Unfortunately – as with the NHS – the practice leaves much to be desired. Both the NHS and medicare have founding and guiding principles which they systematically fail to meet or abide by. Hence the charge in Canada that “everything is free but nothing is
accessible”.
• Gratzer (2001) highlights three problems within the Canadian single-payer (government) healthcare model. First, accountability is poor and aggravated by the Federal structure. Second, decision-making is politicised. Third, single-payer government control leads to a lack of innovation. These three lead to a lack of responsiveness to
patient needs or wants.
• Aba et al (2002) argue that Canadian health care is inefficient in that financing (lack of direct payment) does not encourage users and providers of health care to be accountable for the economic benefits and costs of services.
• Single-payer tax financed healthcare lends itself to rationing. Waiting times (owing to rationing by queuing) are a serious concern to Canadians. These are often caused by the lack of availability to medical technology. Again, this is reminiscent of the UK: A recently released report from the UK Audit Commission (2002) reveals “there are relatively short waits for general X-rays but waiting times for some other examinations
are excessive. For example, the average wait for general ultrasound is eight weeks and 20 weeks for MRI scans, with a quarter million people waiting for these examinations alone. Tellingly, usage of different items of equipment varies by a factor of two or more across similar departments. For example, some MRI scanners are used for 4,000 examinations a
year, but others are used for fewer than 2,000 examinations”. Such scenarios can be found with ease in the Canadian press.
• Despite poor availability in Canada of advanced medical technology, international comparison reveals pretty good healthcare outcomes – generally better than those in the USA and the UK and more akin to those associated with high spending European social insurance systems such as France and Switzerland (OECD). Life expectancy is high, cancer survival rates are good and deaths from IHD and stroke are average.
• So yes, it ‘works’, in that on many measures it delivers a broadly acceptable level of healthcare. But so much depends on what one wants from a health system. On most objective measures the Canadian system at best disappoints, and at worst is simply unacceptable in a wealthy, modern nation, particularly when expenditure is considered. The Dutch with their highly regulated system have recently begun to feel this more
strongly and look set to embrace markets with renewed vigour in order to get more for their money and to enable healthcare supply more closely to reflect demand.

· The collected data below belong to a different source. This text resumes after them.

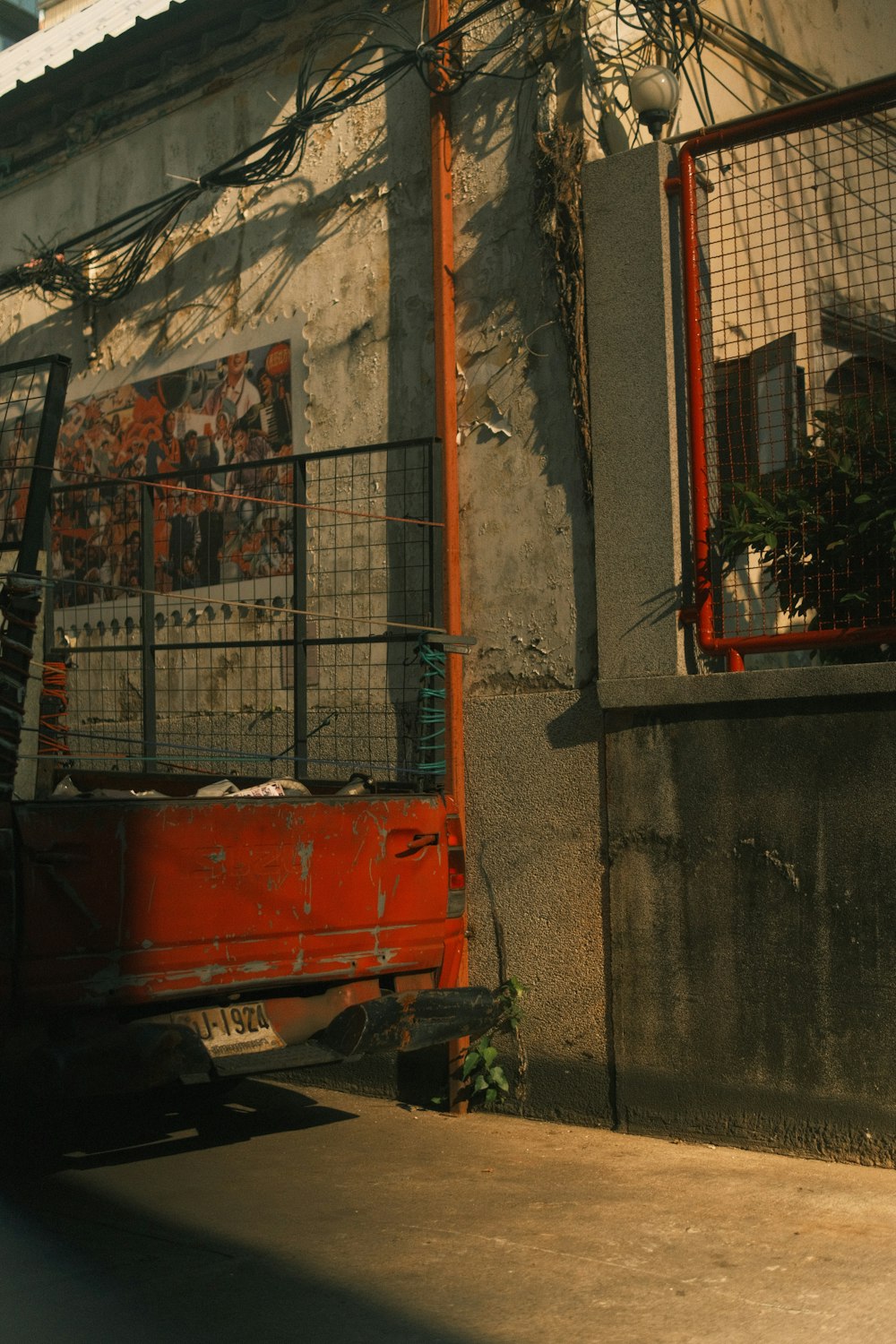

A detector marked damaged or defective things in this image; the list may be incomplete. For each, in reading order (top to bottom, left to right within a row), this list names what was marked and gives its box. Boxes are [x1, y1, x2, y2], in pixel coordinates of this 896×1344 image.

rusted red paint [13, 790, 467, 1011]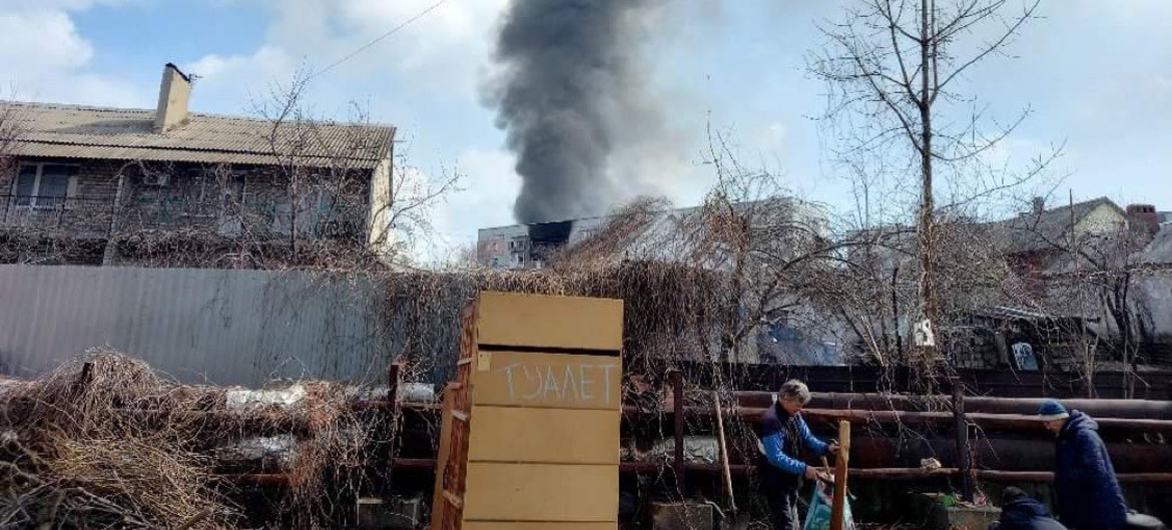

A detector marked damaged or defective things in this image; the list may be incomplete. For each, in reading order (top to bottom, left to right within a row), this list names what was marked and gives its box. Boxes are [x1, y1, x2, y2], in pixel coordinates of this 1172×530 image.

damaged facade [0, 64, 396, 267]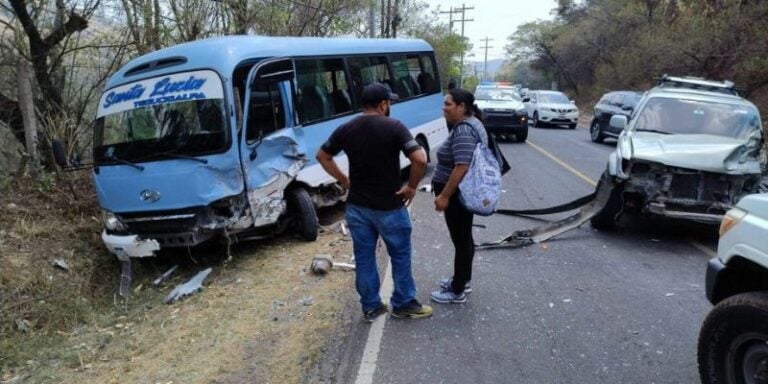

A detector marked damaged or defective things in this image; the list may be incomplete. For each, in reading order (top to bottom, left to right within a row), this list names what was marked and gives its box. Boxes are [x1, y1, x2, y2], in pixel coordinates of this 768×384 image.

damaged blue bus [93, 36, 448, 274]
damaged white suv [592, 76, 764, 230]
crumpled hood [624, 132, 760, 174]
broken headlight [102, 210, 126, 231]
detached bumper part [102, 231, 160, 296]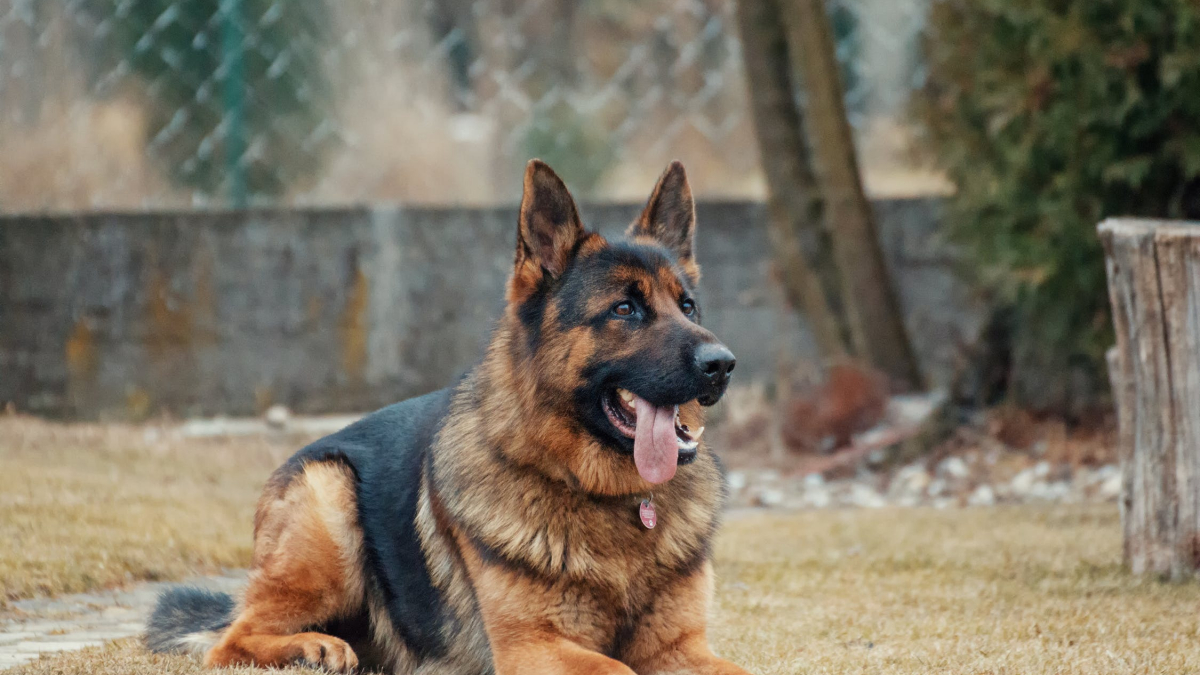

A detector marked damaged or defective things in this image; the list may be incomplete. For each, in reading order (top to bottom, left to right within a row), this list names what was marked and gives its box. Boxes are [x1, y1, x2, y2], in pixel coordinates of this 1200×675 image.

rusty stain on wall [340, 267, 367, 384]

• So why does Canada perform relatively well? Studies have shown that a number of non-health system related factors affect health outcomes. Perhaps the high level of expenditure is important. Canada also benefits from lower levels of income inequality than the US and UK. Tobacco consumption is low in comparison to OECD member countries.

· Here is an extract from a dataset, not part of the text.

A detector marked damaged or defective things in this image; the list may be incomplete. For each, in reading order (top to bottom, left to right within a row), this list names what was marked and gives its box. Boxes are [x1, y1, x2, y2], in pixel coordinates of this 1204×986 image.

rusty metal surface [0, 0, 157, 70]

• On an ideological level some might consider the Canadian system attractive, however, Page 6 the reality is that the Canadian tax-funded single-payer model restricts expenditure to such an extent that healthcare supply far from matches demand. Though private expenditure has increased significantly to plug some of this gap, other healthcare funding
systems have done so much more successfully.
Link
I just seem to be getting contradictory information. One seems to paint a doomsday scenario, and the other something very different. I just thought I would mention this, since we have had a few discussion on it and I say verily that I am thorougly confused, especially since they admit Canadian health and statistics are good, yet the system they claim is poor in care, technology, and waiting periods.